The annual price review was the centrepiece of agricultural policy-making in the past. It is now greatly diminished
in importance, mainly because price decisions are taken in the context of medium-term plans such as the MacSharry
reform or Agenda 2000, and also because the Commission's powers to manage markets have been increased under the Financial
Perspective arrangements and the need to comply with WTO rules.
Background readings include Swinbank, A. 'The CAP decision-making process', in Ritson
and Harvey; Tracy (Ch. 7 'Policy-Making')
and Grant 1997 (Ch. 6 'Decision-making and the CAP', pp. 147-182).
Article 33 (ex 39) set out objectives for a common agricultural policy but left open the means to
achieve these objectives. The EEC (at the time) was not starting with a clean slate in designing a common policy
- all of the original members already had protectionist agricultural policies in place, and it was a question of
integrating these policies into a common policy.
The key decisions on the market mechanisms which would be used were taken in January 1962, although common prices
were not achieved until 1968. These common prices were not a simple average of existing national price levels,
but under German influence tended to the higher end of the existing range.

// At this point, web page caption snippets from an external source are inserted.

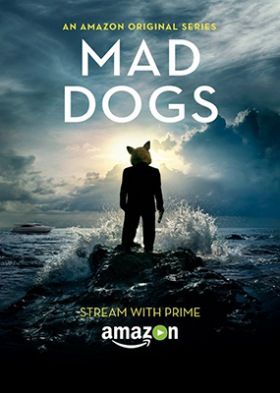 Mad Dogs - Kutyaütők 1. évad (2015) online sorozat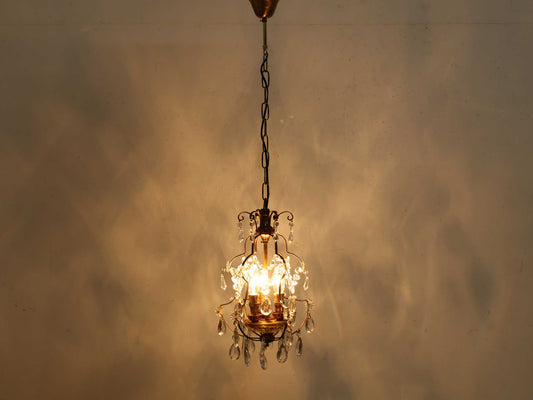 シャンデリア クリア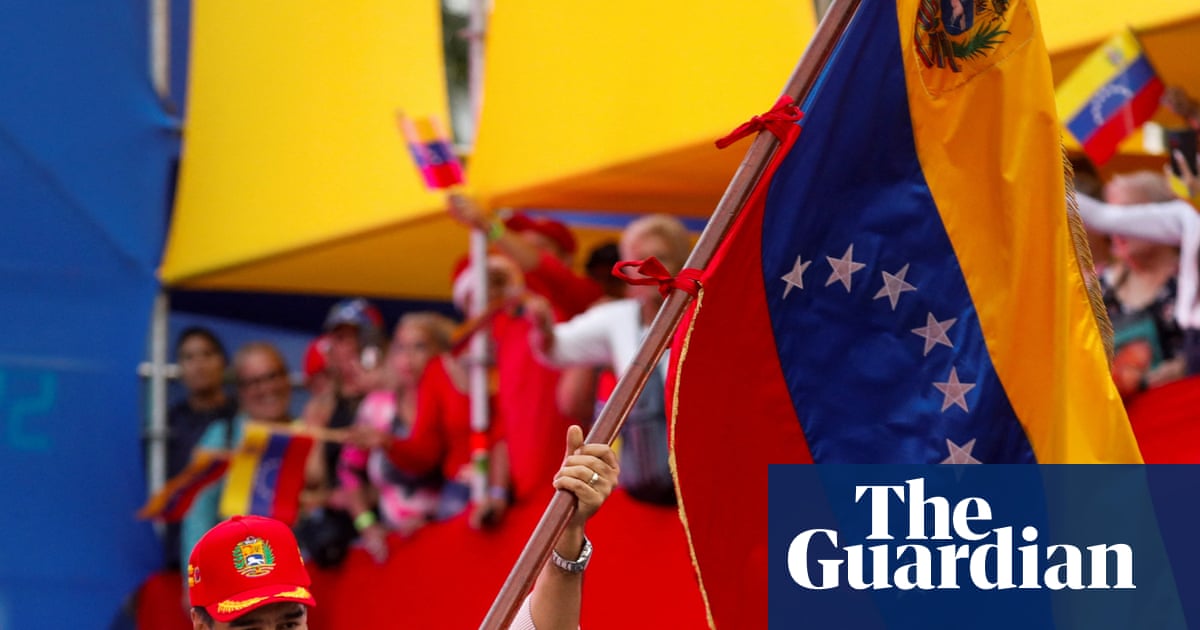  Trump news at a glance: tensions with Venezuela rise following president’s reported ultimatum to Maduro | Trump administration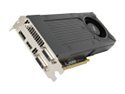 MSI GeForce GTX 670 2GB 256-bit GDDR5 HDCP Ready SLI Support Video Card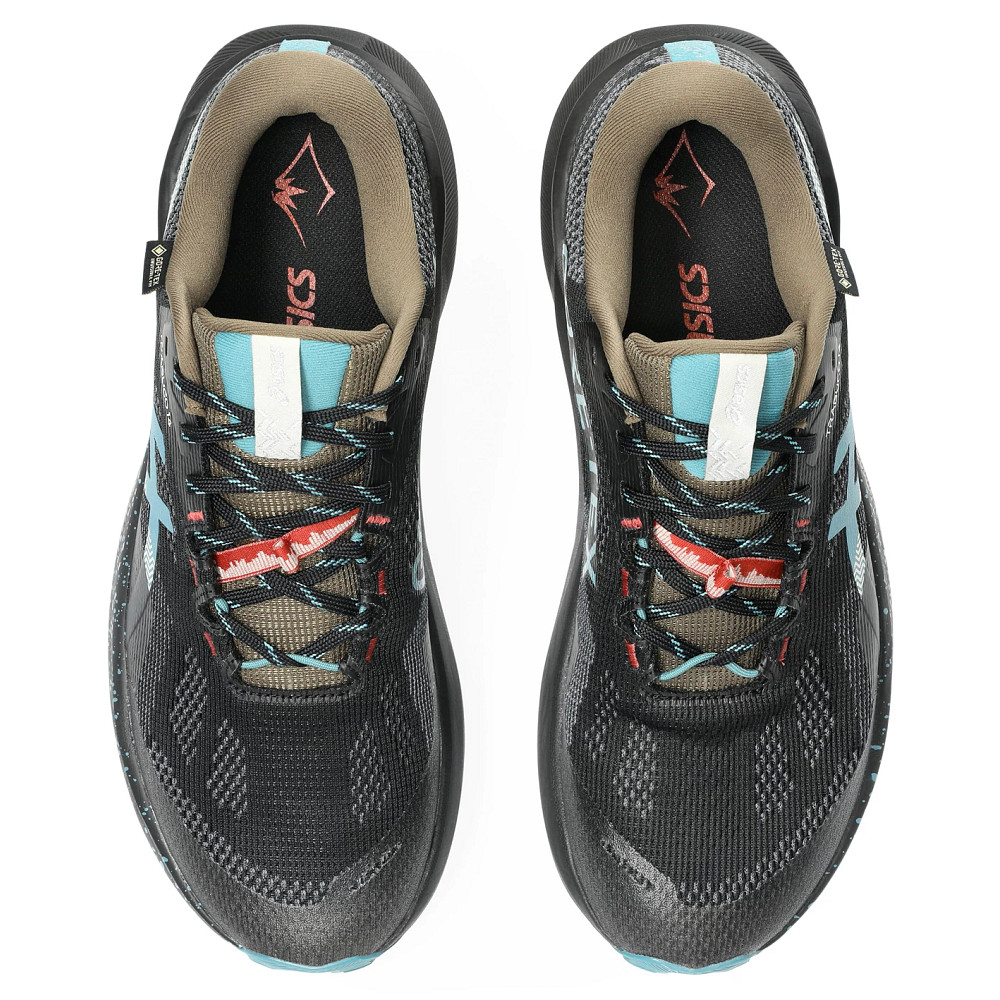Mens ASICS Trabuco 14 GTX Trail Running Shoe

Three key principles were established early on:
Two broad policy instruments were established: price and markets policy, designed to influence and support farm prices and incomes, and funded by the Guarantee Section of FEOGA, the Agricultural Guarantee and Guidance Fund; and socio-structural policy, designed to encourage the modernisation of farming, funded by the Guidance Section of FEOGA. Although it was initially foreseen that expenditure on the latter instrument would amount to around one-third of the total CAP budget, it rarely exceeded 5% of CAP expenditure until very recently.
These mechanisms have evolved over time with particularly significant changes occuring in
the 1990s as a result of the MacSharry reform, the WTO Agriculture Agreement and the Agenda 2000 reform. To see the significance
of these changes, it is important to understand the mechanisms used in the original regimes (commodity market organisations, or CMOs). Cereals is usually
taken as the prototypical regime but each commodity regime has its own characteristics.
Note the use of three support pillars: import levies, intervention buying and export subsidies. Additional support
can be provided through consumer subsidies, aids to private storage, withdrawals, deficiency payments. Additional comments might
include
Useful reading includes Tracy 1996 Chap 2 'Common market organisations' and Grant 1997 Ch. 5 'Butter mountains, wine lakes and beef wars: the commodity regimes'. The DG AGRI website has a series of useful Fact Sheets on individual commodity regimes following the Agenda 2000 agreement in its publications section. In its agricultural markets markets section you will find links to the basic legislation governing the operation of the common market organisations, plus the annual volume of market outlook projections for individual commodities up to 2009. This is a huge website, so use the Index feature (to the right under the masthead) to find your way around and to search for information on specific topics.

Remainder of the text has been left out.